不動産と相続についてー相続税

不動産登記証

弊社には不動産売却のご相談も多く寄せられるのですが、中でも相続に関係したお問い合わせが多くなっています。
そこで不安に思われる方が多い相続税に関して、その概要を簡単にご紹介したいと思います。


相続税とは

相続とは、誰かが亡くなったときにその人の配偶者や子供などが遺された財産を引き継ぐことです。亡くなった人のことを「被相続人」、財産を引き継ぐ人を「相続人」と言います。
このとき、相続された財産に対して課せられる税を相続税といい、相続人は相続開始から10カ月以内に税務署に相続税の申告・納付を行わなければいけません。

相続税はいくらになるのか

まず、被相続人の財産の純資産価額を計算します。

純資産価額(A)
=相続財産
 +みなし相続財産
 +相続時精算課税の適用を受けて贈与された財産
 -非課税財産
 -葬式費用
 -債務
ただしマイナスになる場合(債務の方が多い)は純資産価額=0円とします。
正味の遺産額(B)
=純資産価額(A)
 +相続開始前3年以内に贈与された財産

この額が相続税を計算する際のベースとなります。

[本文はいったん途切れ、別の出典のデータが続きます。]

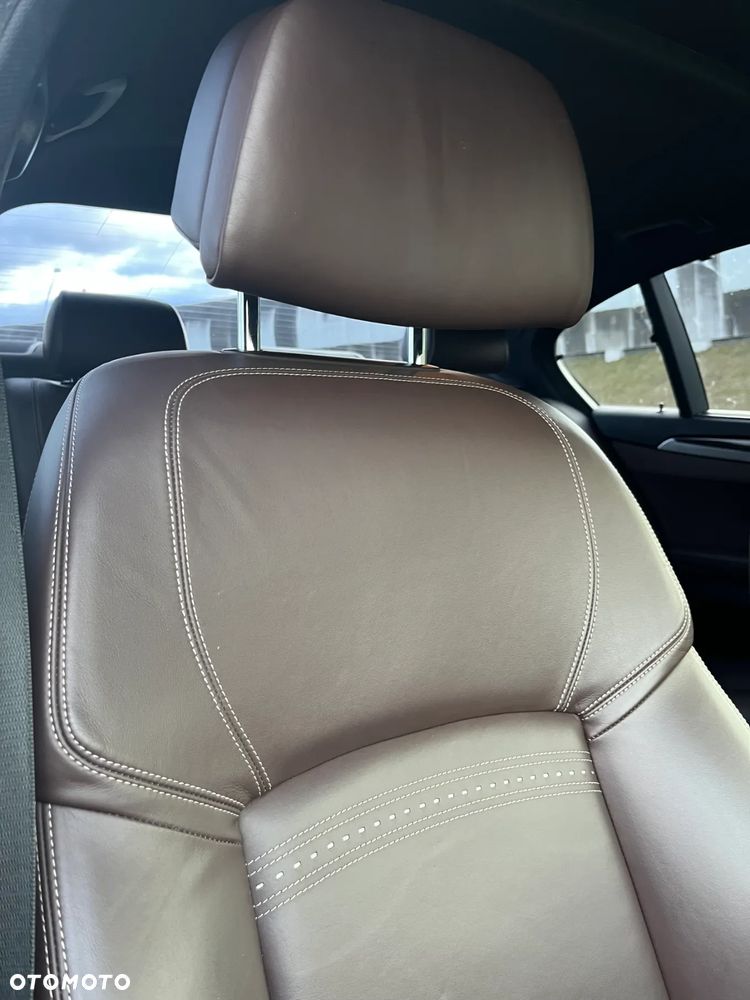 BMW Seria 5 550i xDrive - 21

注意が必要なものについては以下で説明します。

相続財産

現金(預貯金)、不動産、自動車、美術品などのほか貸付金、著作権など金銭に見積もることができる経済的価値のあるすべてのものを含みます。

みなし相続財産

みなし相続財産とは、もともと被相続人の財産ではないものの、被相続人が死亡した事を原因として相続人が受け取ることのできる財産のことです。具体的には生命保険金や死亡退職金などです。民法上ではこれは遺産ではなく受取人の財産とされていて、あくまで相続税の計算のときだけ算入されることから「みなし相続財産」といいます。

相続時精算課税

贈与者が65歳以上の親、贈与を受ける者が20歳以上の子である場合、2,500万円までならいったん無税で贈与を受けることができ、後に相続が発生したときに贈与を受けた財産も相続財産に加えて相続税を払うことになる制度です。

非課税財産

  • 墓地や墓石、仏壇、仏具など
  • 国や地方公共団体、特定の公益法人に寄附した財産
  • 生命保険金、死亡退職金等それぞれについて500万円×法定相続人(※)の数

※法定相続人
民法で定められた相続人のことです。被相続者に配偶者がいる場合は配偶者は常に相続人となることができます。その他は以下の順位で決定されます。
  1. 子(既に死亡している場合には孫)
  2. 親(既に死亡している場合には祖父母)
  3. 兄弟姉妹(既に死亡している場合には甥・姪)
前の順位の相続人がいる限り、後の順位の人は相続人になることができません。

相続開始前3年以内に贈与された財産

相続開始前3年以内に贈与された財産についても相続税がかかります。これは生前贈与によって相続税が不当に安くならないようにするする為のものです。ただし、贈与の際に支払った贈与税については相続税額から差し引くことができるため税の二重払いになることはありません。

このようにして得られた正味の遺産額からさまざまな控除をした額が課税対象遺産総額になります。